Down to business
MRG’s Programmes Officer, Neil Clarke, prepares to make an intervention at the African Commission, gets to know MRG’s partner organisations and is inspired by their activism.
I was up like a flash this morning to catch what water was available for a warm shower and to ensure I get some cheese in my omelette… as Albert Finney famously said, “Don’t let the Hotel Exaunel grind you down.”
Today we are to make our intervention at the Commission. An intervention is a short statement under a thematic heading, in our case Indigenous Peoples. The intervention can address the Commission and attending governments directly, draws attention to specific issues and requests specific actions. It is one of the various actions you can take at such fora, alongside the opportunity to network, meet states directly and hold side events to raise awareness.
We are here with some of our partners from across Africa, who have each contributed their community’s experience and calls for action to the statement. I will briefly let you know which groups are here with us and their involvement in the statement, so you have an idea why this is such a pressing cause.
Ag Aly is from the Tuareg peoples, an indigenous pastoralist community spread across the desert borders of Mali and Niger. The Tuareg have become extremely marginalized and lack even basic services in their region. This in turn has lead to movements for greater autonomy from the Tuareg, to which the governments have responded with force. In Mali, the Tuareg region has now become militarised, prohibiting the free movement of these peoples and their access to schools and health services. In Niger, the situation is even more pressing. Under the cloak of a State of Emergency, Tuareg are subjected to arbitrary arrests and extrajudicial killings by the military.
Ibrahim is from the Mboro, an indigenous people of Cameroon. Again they find their community separated by national borders, across Chad and the Central African Republic. Lack of representation in government means their issues are ignored, leaving them vulnerable to abuse. It is becoming common for Mboro children to be kidnapped by armed gangs for ransom. Often the children are murdered regardless of payment and governing states are complicit by their inaction.
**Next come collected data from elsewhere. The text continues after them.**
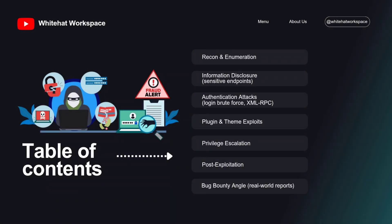Before we jump into the technical part, here's a quick overview of what we're going to cover in this WordPress hacking course. We'll start with recon and enumeration, then move on to information disclosure, where we'll look at sensitive files and endpoints. Next, we'll dive into authentication attacks like brute-forcing the login page and abusing XML-RPC. After that, we'll focus on the biggest attack surface — plugins and themes — followed by privilege escalation and post-exploitation techniques. Finally, we'll cover how to defend and harden WordPress, and also look at the bug bounty angle with real-world examples. This roadmap will take you step by step from the basics all the way to advanced exploitation and defense.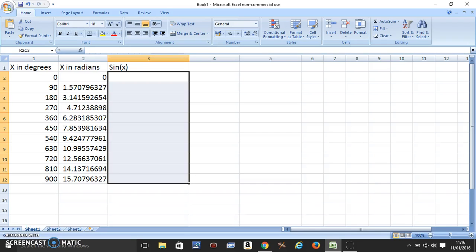Hello. The topic for this video is going to be how to graph sine and cosine functions using Excel.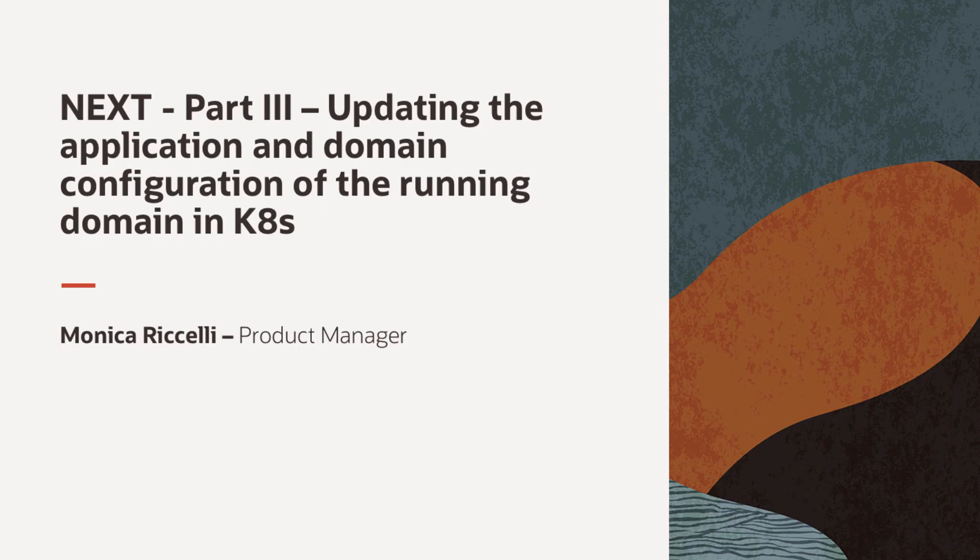Make sure to watch the next video, part three. Updating the application and domain configuration of the running domain in Kubernetes.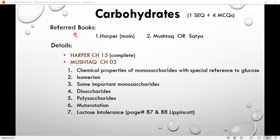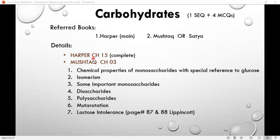If you look at which book you can follow, you can refer to Harper's. So if we talk about chapter number 15, we will complete chapter number 15, which is important.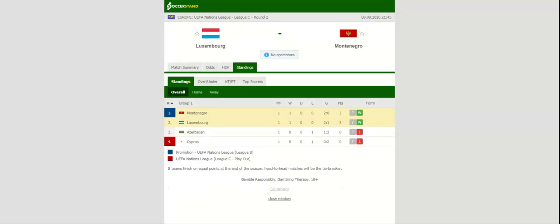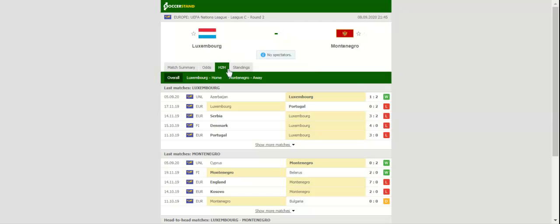Buoyed by a two-to-one win over Azerbaijan, Luxembourg will be looking to give fans yet another reason for celebration when they take on Montenegro at Stade Josy Barthel. Luxembourg did well to beat the 10-man Azeri, but they will have a much bigger fish to fry against Montenegro.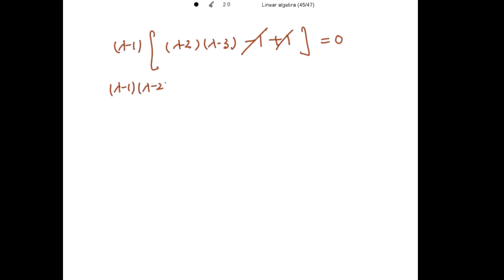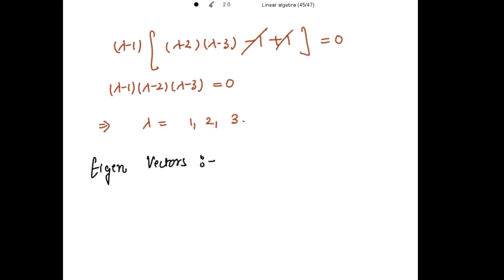Taking (lambda-1) common from those terms, we get (lambda-1)(lambda-2)(lambda-3) equals 0. That implies the eigenvalues are lambda equals 1, 2, and 3 — three distinct eigenvalues. Now we are going to find the eigenvectors corresponding to these three eigenvalues by solving the homogeneous equation (lambda I minus A) x equals 0.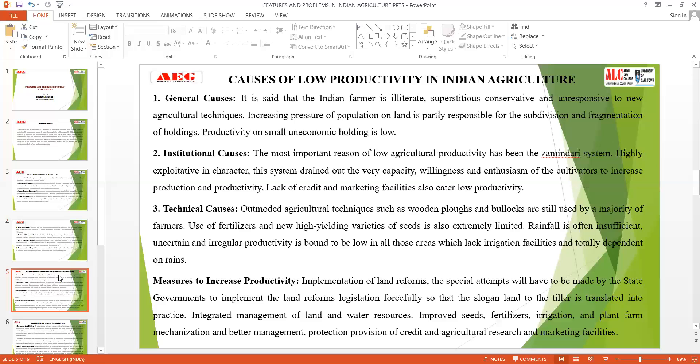Now, what are the reasons for low productivity in agriculture? Lack of technology, use of traditional methods, lack of upgradation, and small-size holdings all cause low productivity. These causes are divided into three aspects: general, institutional, and technical. General causes include high illiteracy rates, farmers being superstitious and conservative, use of old agricultural techniques, and small land sizes. In a small land, a farmer grows rice in one part and vegetables in another, so maximum productivity of one particular crop cannot be achieved. Illiteracy, superstition, and low technology adoption all lead to low productivity.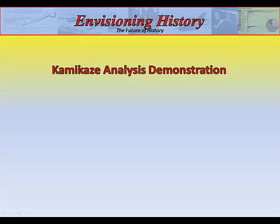The following is a brief demonstration of the interactive features of the Envisioning History World War II platform using the Palantir software. The focus of this video is analysis of existing historical data.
Benon, is a Batwa from Rwanda, the original indigenous people of the region. Batwa were caught in the middle of the tragic conflict between the dominant Tutsi and Hutu groups in Rwanda. Already marginalized, they have suffered more than any from the devastation caused by the conflict. Only 7% of Batwa have access to healthcare and 51% remain illiterate (the national figure being 25%), these are just a few of the examples.
But not all examples are negative, it is important to show that there are positive examples of good practice. Tezera from Ethiopia, has been working closely with the government and MRG for Ethiopia’s pastoralist communities. This has lead to Pastoralist representation in Parliament, a government standing committee and the recognition of Pastoralist Day as a National celebration – which all goes a long way to changing public perception of pastoralists.
So you see we are here for a greater purpose and struggle than surviving our accommodation. This is a very valuable exercise and for me a personal privilege to be in the company of these activists, regardless of the lizard in my toilet.
This article reflects the sole opinion of its author and does not engage MRG’s responsibility.